I’ll give you an example. We did a product for a client a number of years ago, which was a patterned, multi or dual roller, painting device. It was alike a roller paint device except it had a pattern and there were two different rollers on a stem so that you could actually create these patterns on a wall like faux painting, as they called it. It was called Wall Magic. What we determined was that this particular product was going to be excellent for people that really wanted to have a different look on their walls other than a flat painted wall and people that found it dreary and drudgery to paint any wall. We came up with what we thought was a big promise that would be effective. Here’s the big promise. Transform anyone’s home or apartment from ordinary to extraordinary in just minutes. What we tried to do here was to move beyond just the fact that you can paint something that’s pretty on your walls quickly and create a line that was going to appeal to people and their dreams of creating a home that’s much more beautiful than they’ve ever had in the past. They aren’t going to have spend a lot time and sweat about it. Transform anyone’s home or apartment from ordinary to extraordinary in just minutes. The big promise. That could be a headline. That could be a subject line of an e-mail. The big promise in crafting exactly what your product can do, the ultimate benefit that provides, is probably the most important thing in terms of creating an urgency to buy.

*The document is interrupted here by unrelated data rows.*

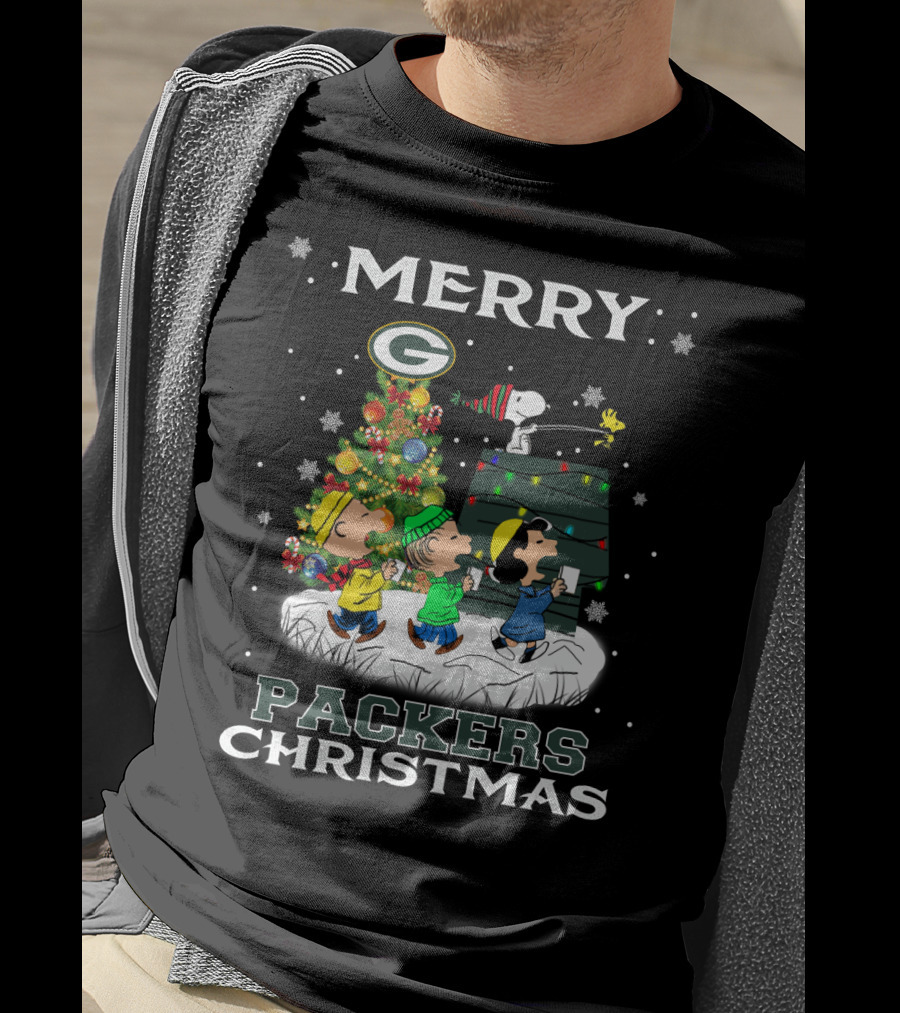 Merry Packers Christmas Featuring Snoopy And Friends T-Shirt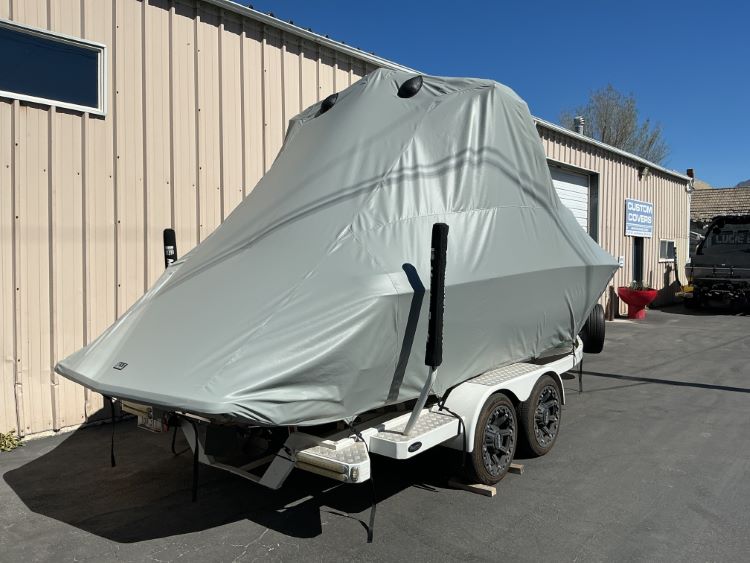 MasterCraft X15 with ZeroFlex X tower Double Up Storage Cover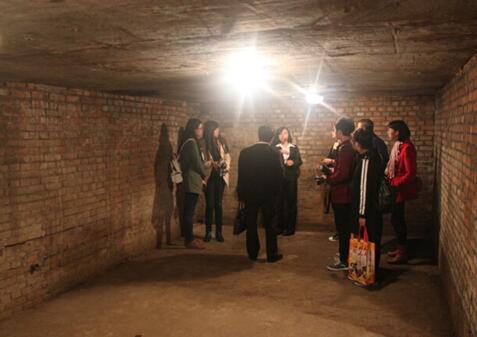 ��(zh��n)���I(y��ng)�����ҷ����O(sh��)ʩ���������M(j��n) �z��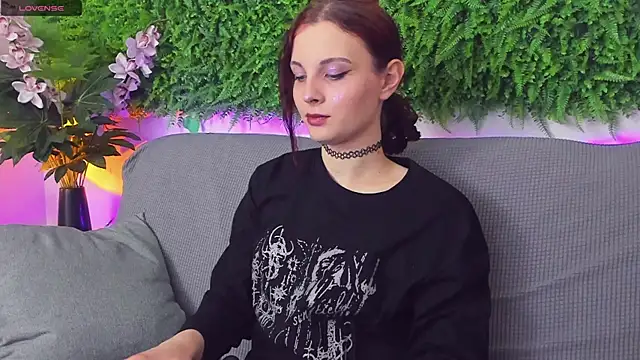 Snapshot of AprilAvery chatting on 18, 3, 2025 AprilAvery online show from 18, 3, 2025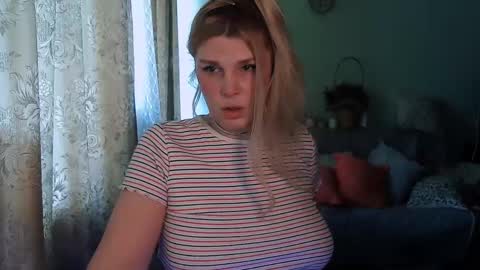 Annika  MTF ts post -op online show from 02-21-25, 10:28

Andrew: You know what and I see that, I see that working on me all the time. Websites that I end up signing up for quickly are the ones that make a clear big promise to me. I know exactly what I’m going get. I’m thinking right now of Groupon. They say right away, I think it’s up to 90% discount at restaurants and shops that you already love. I’m sure I’ve got the phrasing wrong but I understand the benefit immediately, and that’s why I gave them my e-mail address as soon as I landed on their site. You also say, showcase an irresistible offer. How do you do that?

Tim: I think that after the product, and if you’re doing a television commercial, after the product, the talent becomes actually the next most important factor of success. By talent, I’m talking about the presenter or the celebrity. You really don’t have that equivalence, I think, certainly in display advertising or any kind of text advertising on the Internet. In video, talent becomes really critical to the success, and we can talk a little bit more about that later. After talent, the next most important aspect of the success of your commercial or, I think on online, any kind of advertising is going to be the author.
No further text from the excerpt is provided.